The digital apps were developed to celebrate the 15th anniversary of the launch of the Spitzer space telescope, NASA said in a statement on Wednesday.
Spitzer’s outstanding discoveries and amazing images are at the centre of these new apps. Besides allowing users to generate snapshots of themselves in a virtual spacesuit, the Selfies app also provides information about the science behind these images. At present, there are 30 eye-catching images to choose from, all of which have been taken by the Spitzer telescope. More images from NASA’s science and human spaceflight missions will be added later, though no specific details were provided in this regard.
In the Exoplanet Excursions virtual reality app, users go through a guided tour of the TRAPPIST-1 planetary system. The Spitzer telescope played an important role in detecting these planets and providing information to assist scientists as they learn about the planets’ compositions.

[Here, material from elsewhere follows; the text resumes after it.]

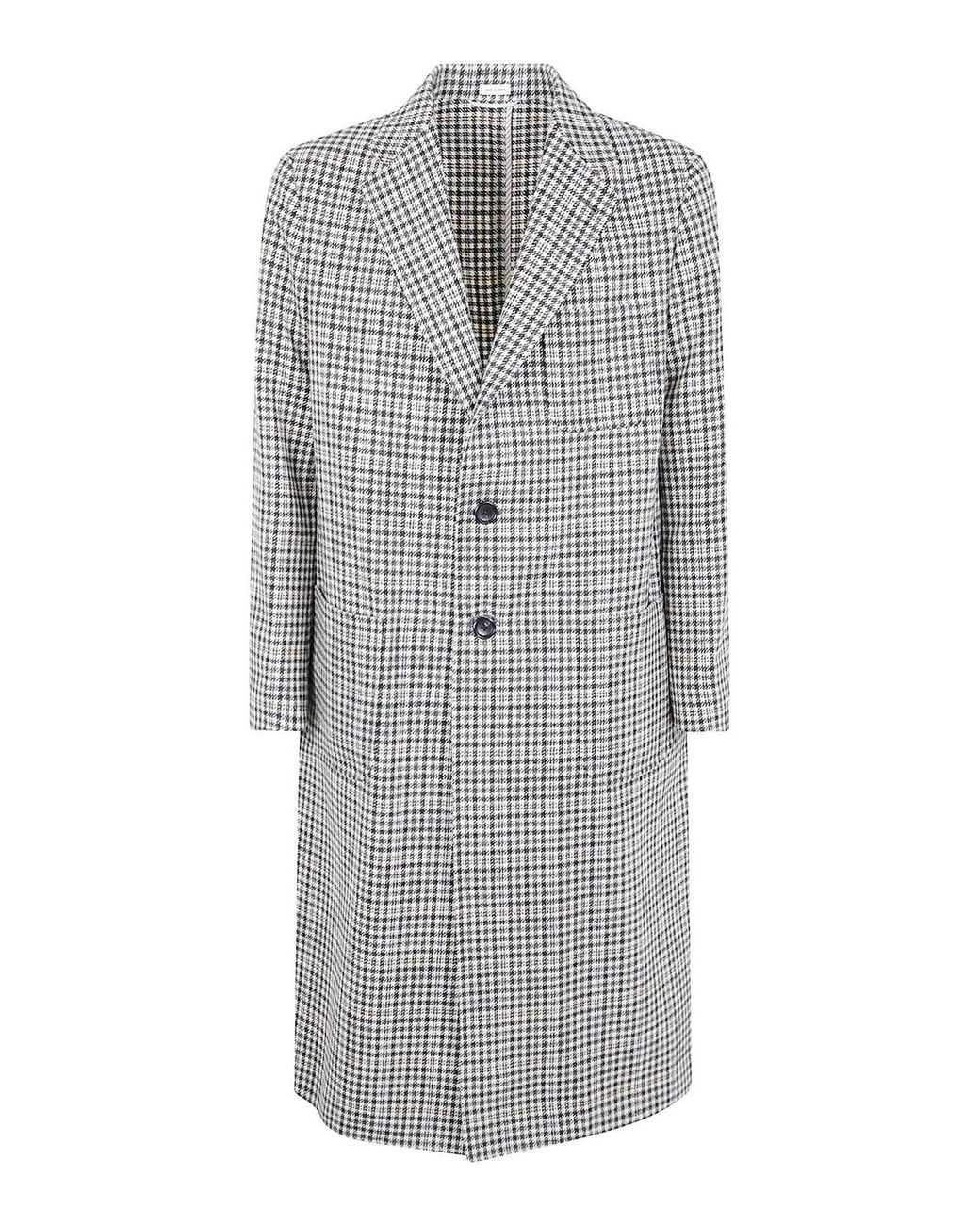 Thom Browne Gray Checked Long Coat for men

Till date, TRAPPIST-1 is the only known exoplanet system to host seven Earth-size planets, all of which are roughly the size of the earth. The TRAPPIST-1 system is extremely far for telescopes to directly observe these planets. However, through this VR experience, users get an opportunity to witness artists’ impressions of what the planets might look like. These impressions are based on data from Spitzer and other telescopes that have studied the TRAPPIST-1 system. Through the VR tour, users are guided through five of the seven planets, surrounded by the blackness of space and the faint light of distant stars.

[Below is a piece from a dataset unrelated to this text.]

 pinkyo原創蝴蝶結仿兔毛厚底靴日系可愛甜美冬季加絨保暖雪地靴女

The VR app will be available for Oculus and Vive via the website of the Spitzer mission. NASA added it will soon be available through the Oculus store. The VR tour can be accessed on YouTube as well – a 360-degree video is available on the Spitzer Youtube page wherein viewers can explore the TRAPPIST-1 system on their desktop, smartphone, or with a smartphone-based 360-viewer such as Google Cardboard. A cousin of the Hubble space telescope, the Spitzer telescope was launched on August 25, 2003, to study the early universe in infrared light.